Glass Sword by Victoria Aveyard Review

23174274Goodreads Summary: If there’s one thing Mare Barrow knows, it’s that she’s different.

Mare Barrow’s blood is red—the color of common folk—but her Silver ability, the power to control lightning, has turned her into a weapon that the royal court tries to control.

The crown calls her an impossibility, a fake, but as she makes her escape from Maven, the prince—the friend—who betrayed her, Mare uncovers something startling: she is not the only one of her kind.

Pursued by Maven, now a vindictive king, Mare sets out to find and recruit other Red-and-Silver fighters to join in the struggle against her oppressors.

But Mare finds herself on a deadly path, at risk of becoming exactly the kind of monster she is trying to defeat.

Will she shatter under the weight of the lives that are the cost of rebellion?

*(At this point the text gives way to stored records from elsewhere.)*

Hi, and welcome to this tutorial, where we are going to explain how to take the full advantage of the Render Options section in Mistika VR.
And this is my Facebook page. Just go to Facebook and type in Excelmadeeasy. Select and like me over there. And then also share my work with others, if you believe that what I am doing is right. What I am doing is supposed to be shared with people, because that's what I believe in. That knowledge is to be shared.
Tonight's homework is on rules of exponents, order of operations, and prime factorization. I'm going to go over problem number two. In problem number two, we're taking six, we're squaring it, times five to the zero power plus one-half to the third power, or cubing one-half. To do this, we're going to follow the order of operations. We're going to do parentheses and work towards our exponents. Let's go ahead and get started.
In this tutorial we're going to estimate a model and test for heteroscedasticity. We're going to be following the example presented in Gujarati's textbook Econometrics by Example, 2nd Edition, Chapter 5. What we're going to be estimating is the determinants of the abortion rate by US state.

Or have treachery and betrayal hardened her forever?

The electrifying next installment in the Red Queen series escalates the struggle between the growing rebel army and the blood-segregated world they’ve always known—and pits Mare against the darkness that has grown in her soul.

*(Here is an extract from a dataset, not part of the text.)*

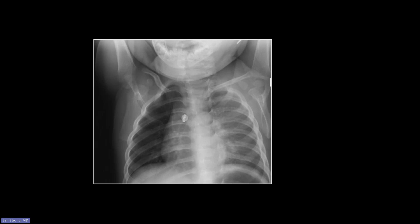When you assess any chest X-ray for rotation, look at those clavicular heads. You can see they do not line up to the left and right symmetrically of the vertebral bodies — there is clear rotation there.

My Thoughts: After feeling kind of luke-warm about Red Queen, it took me a while to pick up the second book in this series, but I can safely say that I understand the hype now.  My biggest qualm with the first book was Mare’s lack of involvement in everything that happened to her.  I honestly didn’t really like her and found it hard to find a reason to root for her, except that I knew I was supposed to.  That all changed in Glass Sword.  Mare finally took charge of her situation and I am living for it.  She is more likable, relatable, and real in this book, and I think Aveyard did an amazing job of showing how complicated and dark Mare’s emotional life is after everything that has happened.  It makes sense to me now, after reading the second book, why Mare was how she was in the beginning.  Her journey is a much larger than I had realized.  All of the characters are so much more complicated and well developed in this book, including the tortured and exiled Cal, whom I adore.  I loved the plot with the new-bloods, and finding out about each of their powers was exhilarating.  The immediate action in the first chapter really drew me back into the world, and I appreciated the lack of unnecessary recapping.  The battle scenes were spectacular and gruesome once again, and I was screaming out loud at my book.  They are so incredibly cinematic, and I am dying to see these books on film (and would also die to play Evangeline Samos… hit me up Hollywood).  In addition to all of that, I think my favorite thing about this series is that I have absolutely no idea who to trust, what is going to happen, or how the hell they are going to get out of any of it.  I am so happy that I finally gave this series another shot because I am completely hooked.